Ah, the season of big meals and bearded men in red suits can be a bountiful time. My holiday loot included new shoes, new clothes and 18 volt drill. While these things are extremely appreciated, they are for the most part items I asked for from people who are related to me. Nothing really that interesting. The unexpected twist this year came from corporate gift giving. A cake from Milan, peanut brittle from a production house and, perhaps most exciting, toiletries from a photography company.
Indeed, I returned from lunch the other day to discover a small gift-wrapped package sitting in front of my keyboard. On top there was a small card. ‘Merry Christmas from JW Productions,’ it read. I shook the box furiously. Whatever was inside was packed tightly. I proceeded to rip the paper off in long shreds until I discovered an expensive looking box underneath. Stamped in silver letters was the name C.O. Bigelow. I pulled the lid off to discover an assortment of bathroom products—soap, shaving gel and cologne. Later than night, I unveiled the generous gift at home. Cristi took an interest.

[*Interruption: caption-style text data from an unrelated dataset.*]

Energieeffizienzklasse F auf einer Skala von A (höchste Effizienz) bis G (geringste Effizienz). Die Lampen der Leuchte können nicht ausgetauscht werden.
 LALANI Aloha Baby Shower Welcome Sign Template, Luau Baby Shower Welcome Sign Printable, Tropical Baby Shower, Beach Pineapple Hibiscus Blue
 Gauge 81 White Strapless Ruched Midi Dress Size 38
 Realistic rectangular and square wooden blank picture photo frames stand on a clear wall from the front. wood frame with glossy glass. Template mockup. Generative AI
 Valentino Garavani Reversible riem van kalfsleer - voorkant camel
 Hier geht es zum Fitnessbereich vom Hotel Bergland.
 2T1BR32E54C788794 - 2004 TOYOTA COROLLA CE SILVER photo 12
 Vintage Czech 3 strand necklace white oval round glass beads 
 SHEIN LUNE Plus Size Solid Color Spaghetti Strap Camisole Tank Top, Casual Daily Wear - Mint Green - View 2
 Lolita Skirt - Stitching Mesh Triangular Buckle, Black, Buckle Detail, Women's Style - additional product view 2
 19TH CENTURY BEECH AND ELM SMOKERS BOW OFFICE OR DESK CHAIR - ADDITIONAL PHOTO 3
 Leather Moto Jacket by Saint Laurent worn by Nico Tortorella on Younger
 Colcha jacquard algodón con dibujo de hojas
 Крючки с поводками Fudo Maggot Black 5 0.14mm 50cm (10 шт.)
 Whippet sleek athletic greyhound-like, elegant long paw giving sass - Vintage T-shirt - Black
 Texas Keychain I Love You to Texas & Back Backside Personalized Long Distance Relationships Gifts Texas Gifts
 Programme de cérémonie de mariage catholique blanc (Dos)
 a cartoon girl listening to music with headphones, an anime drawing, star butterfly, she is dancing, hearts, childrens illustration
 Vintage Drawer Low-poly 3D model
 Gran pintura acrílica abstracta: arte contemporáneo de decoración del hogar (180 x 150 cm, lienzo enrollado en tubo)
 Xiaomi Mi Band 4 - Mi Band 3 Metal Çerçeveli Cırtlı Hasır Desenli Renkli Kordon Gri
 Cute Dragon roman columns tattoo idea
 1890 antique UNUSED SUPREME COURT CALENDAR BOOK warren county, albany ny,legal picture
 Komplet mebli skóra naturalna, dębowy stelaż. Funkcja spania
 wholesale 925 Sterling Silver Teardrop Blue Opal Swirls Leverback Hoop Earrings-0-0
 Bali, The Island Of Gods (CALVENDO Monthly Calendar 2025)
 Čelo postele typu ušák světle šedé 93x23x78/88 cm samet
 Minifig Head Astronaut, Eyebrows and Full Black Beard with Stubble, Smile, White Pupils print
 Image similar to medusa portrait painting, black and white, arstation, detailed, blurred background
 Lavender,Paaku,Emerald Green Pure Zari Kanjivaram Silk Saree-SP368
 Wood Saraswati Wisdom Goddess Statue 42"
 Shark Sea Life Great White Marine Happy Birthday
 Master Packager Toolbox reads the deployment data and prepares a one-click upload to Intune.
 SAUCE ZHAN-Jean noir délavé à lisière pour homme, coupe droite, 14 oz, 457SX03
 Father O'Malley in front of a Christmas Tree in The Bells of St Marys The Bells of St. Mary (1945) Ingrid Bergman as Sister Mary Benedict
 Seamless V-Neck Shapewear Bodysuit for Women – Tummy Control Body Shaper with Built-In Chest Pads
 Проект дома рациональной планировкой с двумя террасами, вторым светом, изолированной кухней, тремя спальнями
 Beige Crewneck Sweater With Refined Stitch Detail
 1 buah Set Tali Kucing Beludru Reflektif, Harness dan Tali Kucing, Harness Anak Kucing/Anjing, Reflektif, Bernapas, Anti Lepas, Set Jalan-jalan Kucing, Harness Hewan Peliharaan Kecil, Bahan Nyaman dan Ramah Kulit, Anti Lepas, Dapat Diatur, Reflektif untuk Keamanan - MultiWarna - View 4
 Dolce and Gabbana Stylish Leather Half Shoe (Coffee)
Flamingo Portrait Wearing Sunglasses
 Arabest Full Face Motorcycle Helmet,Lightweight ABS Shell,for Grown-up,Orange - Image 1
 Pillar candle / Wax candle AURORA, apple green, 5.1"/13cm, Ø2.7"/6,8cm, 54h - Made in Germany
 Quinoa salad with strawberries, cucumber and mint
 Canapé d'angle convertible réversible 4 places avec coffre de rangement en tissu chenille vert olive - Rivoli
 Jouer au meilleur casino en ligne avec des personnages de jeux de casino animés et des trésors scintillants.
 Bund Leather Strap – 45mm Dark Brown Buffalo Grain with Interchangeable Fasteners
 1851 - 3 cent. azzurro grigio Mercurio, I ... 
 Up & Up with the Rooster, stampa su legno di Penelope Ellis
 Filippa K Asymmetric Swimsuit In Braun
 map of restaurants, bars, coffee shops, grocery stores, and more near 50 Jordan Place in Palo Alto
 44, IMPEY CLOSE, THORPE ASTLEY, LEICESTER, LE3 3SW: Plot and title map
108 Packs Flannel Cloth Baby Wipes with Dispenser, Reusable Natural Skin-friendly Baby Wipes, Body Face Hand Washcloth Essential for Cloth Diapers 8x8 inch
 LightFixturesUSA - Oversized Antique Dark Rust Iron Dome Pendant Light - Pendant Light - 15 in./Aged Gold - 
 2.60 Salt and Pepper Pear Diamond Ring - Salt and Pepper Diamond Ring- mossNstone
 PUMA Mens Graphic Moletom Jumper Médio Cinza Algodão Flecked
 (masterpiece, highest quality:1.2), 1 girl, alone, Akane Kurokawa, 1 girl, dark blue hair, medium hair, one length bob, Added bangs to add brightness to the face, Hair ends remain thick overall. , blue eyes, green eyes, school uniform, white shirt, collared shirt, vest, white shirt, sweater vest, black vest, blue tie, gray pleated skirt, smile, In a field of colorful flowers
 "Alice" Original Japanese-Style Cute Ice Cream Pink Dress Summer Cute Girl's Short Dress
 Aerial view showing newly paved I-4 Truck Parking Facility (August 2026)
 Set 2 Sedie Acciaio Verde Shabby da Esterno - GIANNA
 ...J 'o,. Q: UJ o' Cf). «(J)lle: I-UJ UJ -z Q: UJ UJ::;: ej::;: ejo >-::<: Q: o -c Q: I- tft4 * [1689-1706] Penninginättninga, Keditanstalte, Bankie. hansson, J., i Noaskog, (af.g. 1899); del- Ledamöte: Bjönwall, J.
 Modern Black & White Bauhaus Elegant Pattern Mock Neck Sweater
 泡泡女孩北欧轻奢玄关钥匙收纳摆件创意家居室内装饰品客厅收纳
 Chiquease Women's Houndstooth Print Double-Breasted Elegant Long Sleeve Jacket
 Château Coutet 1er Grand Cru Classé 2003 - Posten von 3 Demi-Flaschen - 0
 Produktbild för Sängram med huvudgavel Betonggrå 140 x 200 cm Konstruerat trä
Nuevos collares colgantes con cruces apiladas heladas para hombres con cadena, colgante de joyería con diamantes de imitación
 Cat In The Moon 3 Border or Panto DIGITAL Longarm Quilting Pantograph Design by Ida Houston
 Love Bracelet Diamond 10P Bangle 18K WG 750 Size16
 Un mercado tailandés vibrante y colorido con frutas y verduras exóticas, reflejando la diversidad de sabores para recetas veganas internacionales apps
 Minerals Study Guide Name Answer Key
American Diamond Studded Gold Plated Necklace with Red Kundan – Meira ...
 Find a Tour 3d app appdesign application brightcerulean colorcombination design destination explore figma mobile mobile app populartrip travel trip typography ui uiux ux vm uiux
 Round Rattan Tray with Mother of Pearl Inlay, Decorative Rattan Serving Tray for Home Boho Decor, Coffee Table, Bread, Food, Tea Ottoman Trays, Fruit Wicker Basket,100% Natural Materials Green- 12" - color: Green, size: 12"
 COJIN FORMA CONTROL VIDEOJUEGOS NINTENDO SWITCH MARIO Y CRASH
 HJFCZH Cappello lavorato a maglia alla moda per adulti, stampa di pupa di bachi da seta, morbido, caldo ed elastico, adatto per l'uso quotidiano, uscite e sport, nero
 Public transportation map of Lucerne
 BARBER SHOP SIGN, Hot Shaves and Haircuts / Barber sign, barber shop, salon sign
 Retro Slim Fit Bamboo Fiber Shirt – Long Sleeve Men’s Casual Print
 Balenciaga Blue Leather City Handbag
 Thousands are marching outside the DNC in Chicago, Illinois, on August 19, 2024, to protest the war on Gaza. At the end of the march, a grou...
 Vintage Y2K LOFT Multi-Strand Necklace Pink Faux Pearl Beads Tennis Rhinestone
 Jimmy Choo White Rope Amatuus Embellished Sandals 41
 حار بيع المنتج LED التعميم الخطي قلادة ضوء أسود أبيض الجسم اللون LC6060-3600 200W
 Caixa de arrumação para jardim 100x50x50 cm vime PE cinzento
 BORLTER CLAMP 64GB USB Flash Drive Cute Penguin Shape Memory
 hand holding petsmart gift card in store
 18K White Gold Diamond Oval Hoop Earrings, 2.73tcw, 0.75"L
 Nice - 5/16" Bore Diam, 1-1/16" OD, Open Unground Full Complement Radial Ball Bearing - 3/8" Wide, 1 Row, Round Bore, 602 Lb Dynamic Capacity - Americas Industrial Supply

“Cologne, huh? Will you wear it?” she inquired, as I’ve never really used any personal hygiene products beyond the basic soap, water and deodorant realm.
“I don’t know . . .” I replied, with visions of AXE body wash commercials flashing before my eyes.
The next day, I invited C.O. Bigelow to join me for my morning routine. First, I used the soap and the shaving gel. Then, I finished with one quick spray of the cologne. I only made it halfway down the hall before I was ambushed.
“YUM, you smell GOOOOD,” Cristi said as she wrapped her arms around my neck. That was a few weeks ago. I’m really not sure what sort of secret potion C.O. Bigelow came up with, but I would recommend it to anyone looking to attract, um, positive attention.
As for Curtis Junior, I’m just hoping he’ll keep his bedroom tidy and his rock ‘n roll music turned down as not to bother the neighbors.